§ **Aim of the task**
The reply should match the listing below character for character, except that no image is carried over.

§ **Exercise materials**

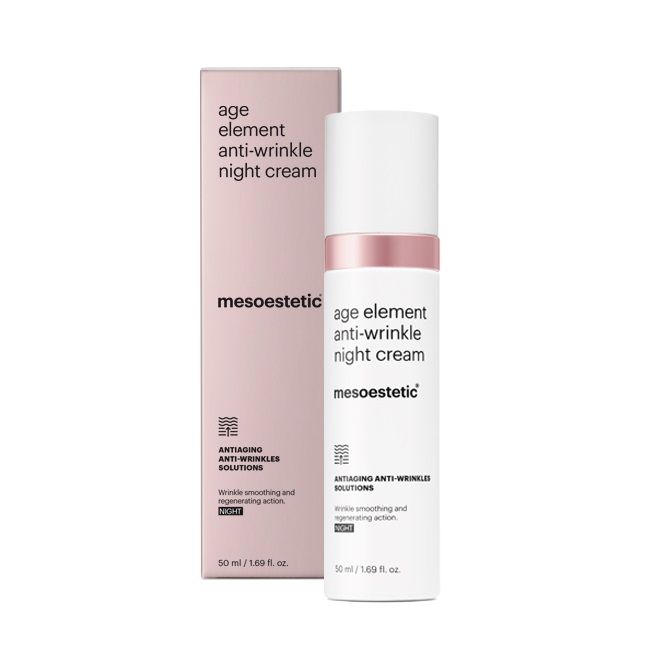Mesoestetic anti-wrinkle night cream 50ml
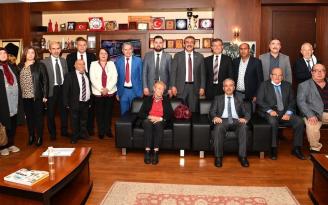 Kardeş Kültür Dernekleri Çukurova Belediyesi ile ortak proje üretecek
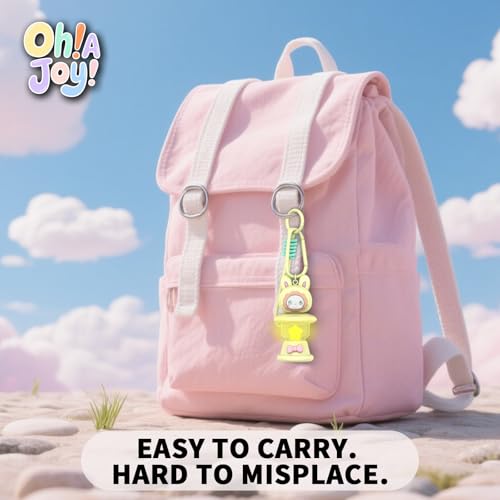 Funda para AirTag original con forma de conejo ideal para regalar 5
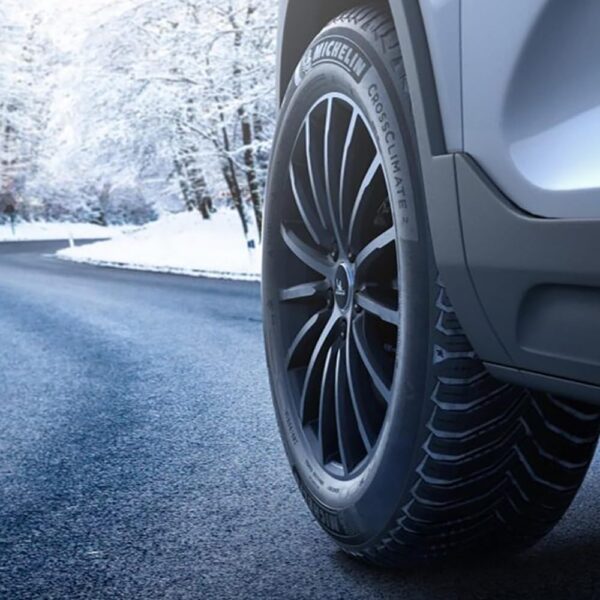 MICHELIN CrossClimate2, All-Season Car Tire, SUV, CUV - 235/45R18/XL 98V
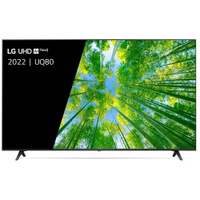 65" Телевизор LG 65UQ80006LB 2022 IPS, черный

§ **Reply to the task**
Mesoestetic anti-wrinkle night cream 50ml
 Kardeş Kültür Dernekleri Çukurova Belediyesi ile ortak proje üretecek
 Funda para AirTag original con forma de conejo ideal para regalar 5
 MICHELIN CrossClimate2, All-Season Car Tire, SUV, CUV - 235/45R18/XL 98V
 65" Телевизор LG 65UQ80006LB 2022 IPS, черный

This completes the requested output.